TheBanyanTree: [UpperBranches] it's officially Spring, because I made the cake
Julie Anna Teague
jateague at indiana.edu
Fri Apr 7 08:16:46 PDT 2006
There are certain traditions I don't really care a hoot about. Like the
whole Christmas tree thing. I know many people are really into
Christmas trees and pulling out the ornaments they've had for years and
years, but I just don't get into that. I'm not as good at holding onto
"things" as I am holding onto memories. But there are certain moments
from my childhood that I cherish and am a little obsessive about and
will repeat every year at the same time till I am dead and gone. Like
making the decorated Christmas cookies exactly the same way we made
them when I was a kid--same recipe, same colors, decorated the same
way. Christmas isn't the same for me without those cookies. And dyeing
Easter eggs in four colors the way my dad taught us, crafty fellow that
he was. Dip half in yellow, dip half in pink. Turn the egg the other
way and dip half in blue. So we'd end up with an egg that was pink and
yellow and purple and green. You can do this at home. I've passed the
trick on to my own kids. We make the plaid egg. Every year.
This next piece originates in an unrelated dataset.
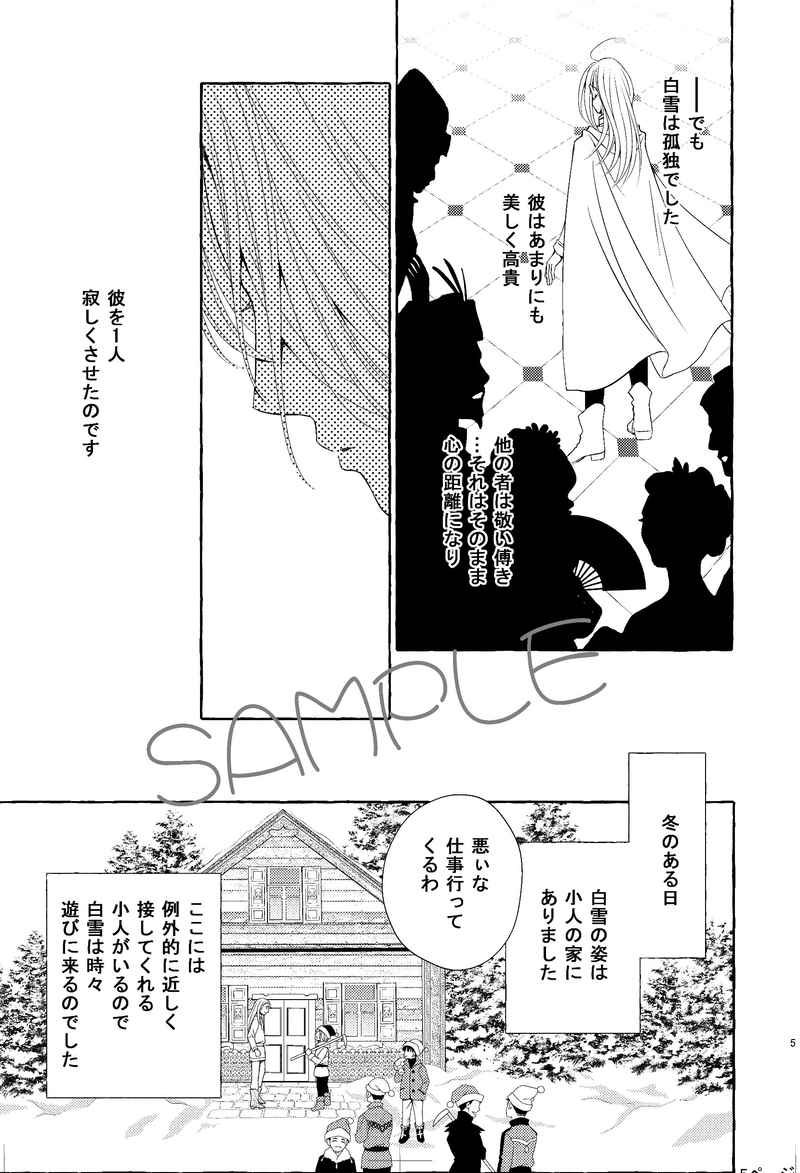 Doujinshi - Novel - Anthology - Yuri!!! on Ice / Katsuki Yuuri x Victor (白雪皇子の赤い糸) / アガット&アーモンドカフェ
And the cake, too. My mom found this idea in a Family Circle or Woman's
Day or some such magazine, circa 1970. Here is how you do it--Make an
angel food cake. Cover it with fluffy icing tinted pale pink, pale
green, or like I did this year, light blue. Then, with a clean pair of
scissors, snip several marshmallows into five pieces like this: Hold
the marshmallow with the round part towards you, snip all the way
through like you are snipping a thin slice off the top of it. Do that
three more times to the same marshmallow, turning it into five thin
slices. The marshmallow slices curl up a bit and look like flower
petals. Arrange them on the cake into five-petaled flowers. Use
mini-marshmallows (or this year I used pastel m&m candies because I
already had them) for the center of the flowers. The original recipe
called for cutting another marshmallow into little bits and dipping the
bits into yellow food coloring for the daisy centers. I ad-lib this
part. I'm not completely compulsive.
I've been making this cake, with my mom and then on my own, since that
first time in about 1970. I might've missed a few years when I was in
college, but I make it every year now, religiously. And I mean that
word "religiously" quite literally. The cake is a tiny shrine I build
to my mom, to my childhood, to my own family. Every year I parade it
through the house, carrying it like I'm carrying a statue of Shiva to
the holy river, showing everyone the beautiful cake. "Look at my
beautiful cake! Look at my beautiful cake," I implore them.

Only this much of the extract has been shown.